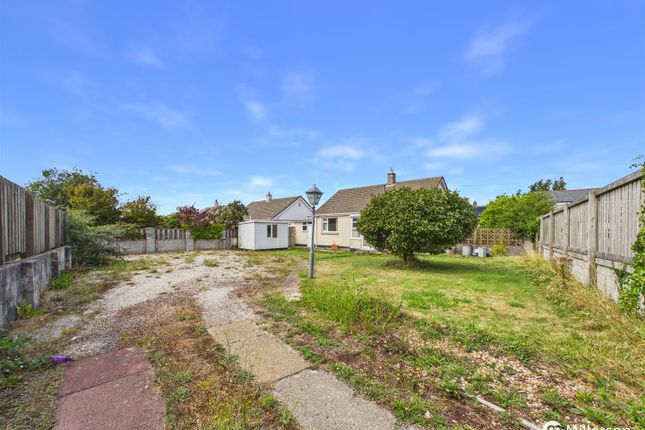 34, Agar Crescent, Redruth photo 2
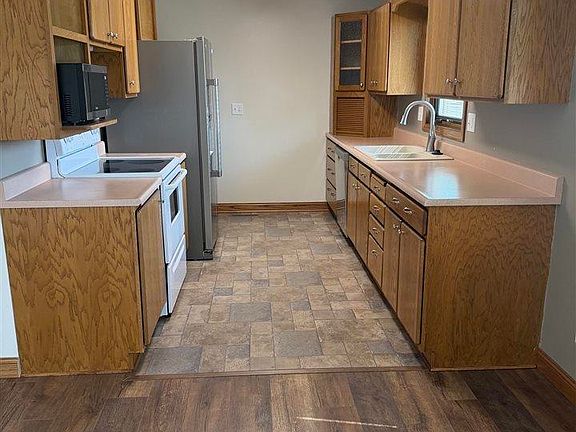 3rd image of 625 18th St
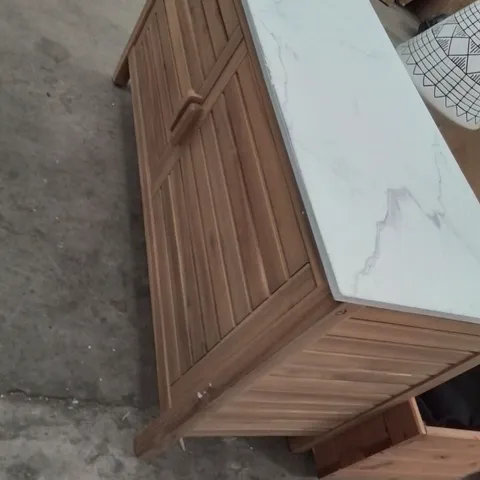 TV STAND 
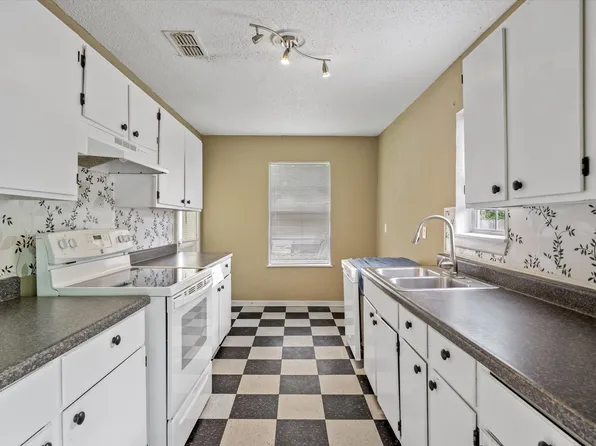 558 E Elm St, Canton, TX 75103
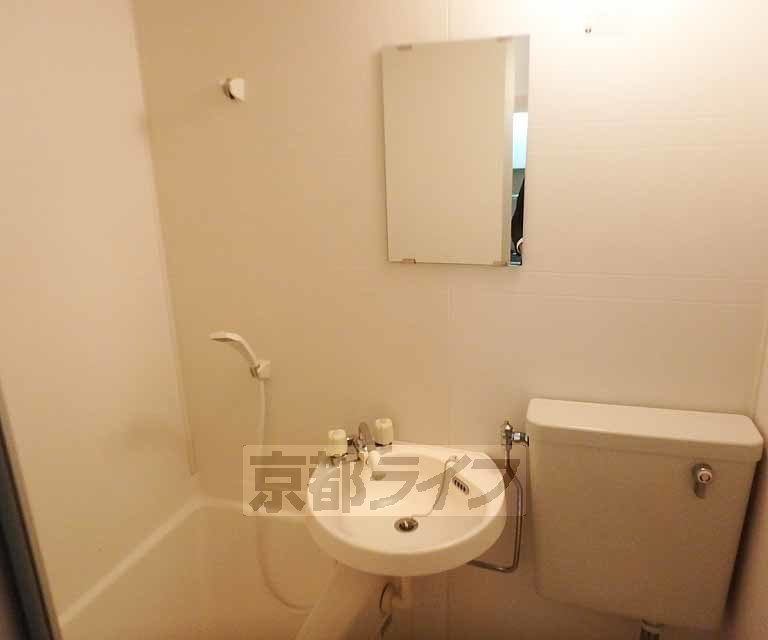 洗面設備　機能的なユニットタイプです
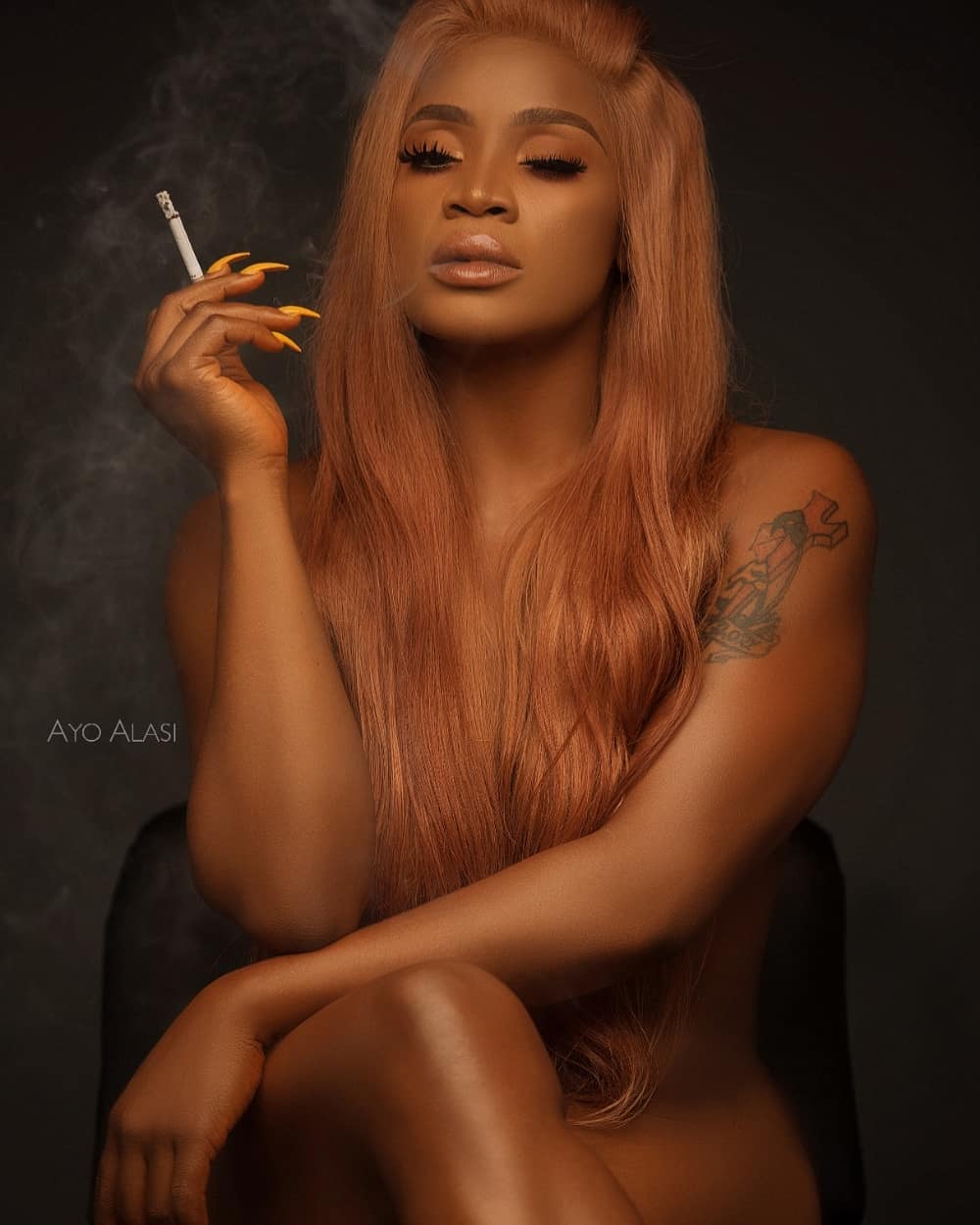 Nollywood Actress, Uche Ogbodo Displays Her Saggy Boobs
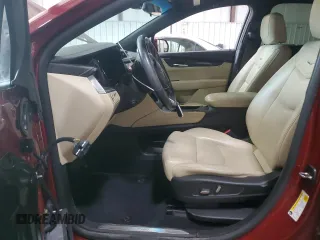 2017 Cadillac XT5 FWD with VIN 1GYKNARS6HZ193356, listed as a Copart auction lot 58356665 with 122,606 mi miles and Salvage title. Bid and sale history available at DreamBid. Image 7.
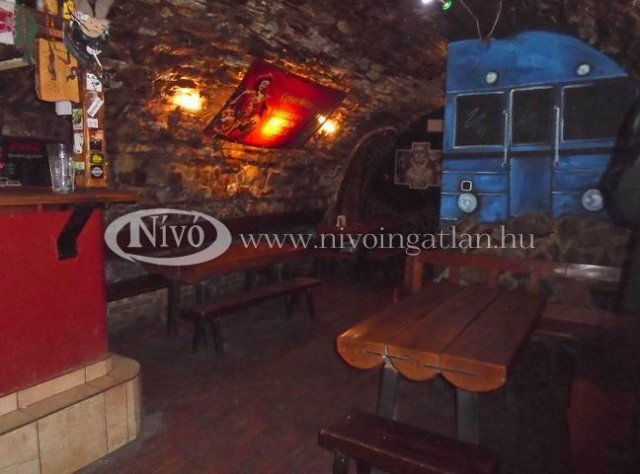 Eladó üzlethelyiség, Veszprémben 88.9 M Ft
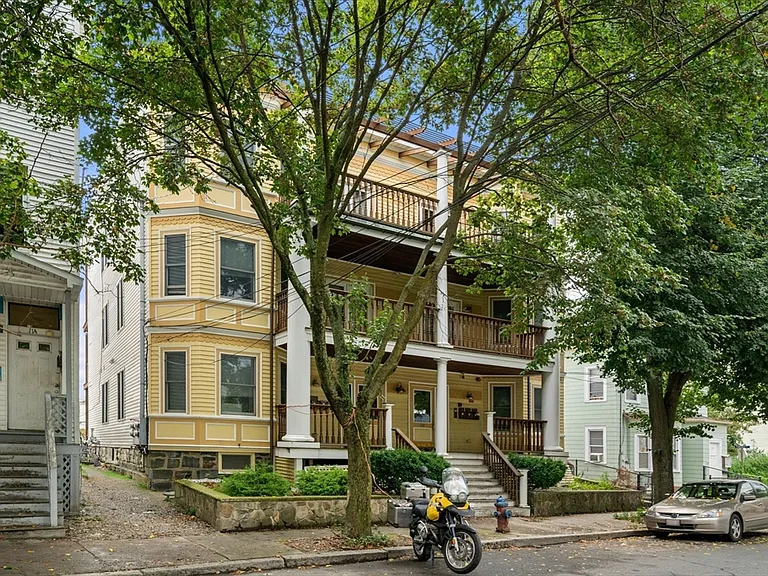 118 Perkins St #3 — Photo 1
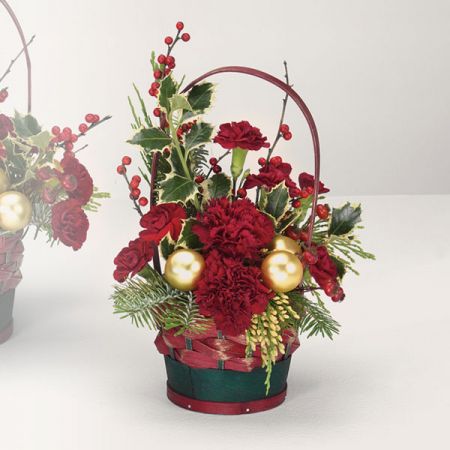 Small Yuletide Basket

= = = = =

[WHAT IS REQUIRED]
Every line from the one with "Eladó üzlethelyiség, Veszprémben 88.9 M Ft" through the last line of the material gets printed exactly, and nothing more. Omit the pictures.

[WRITTEN ANSWER]
 Eladó üzlethelyiség, Veszprémben 88.9 M Ft
 118 Perkins St #3 — Photo 1
 Small Yuletide Basket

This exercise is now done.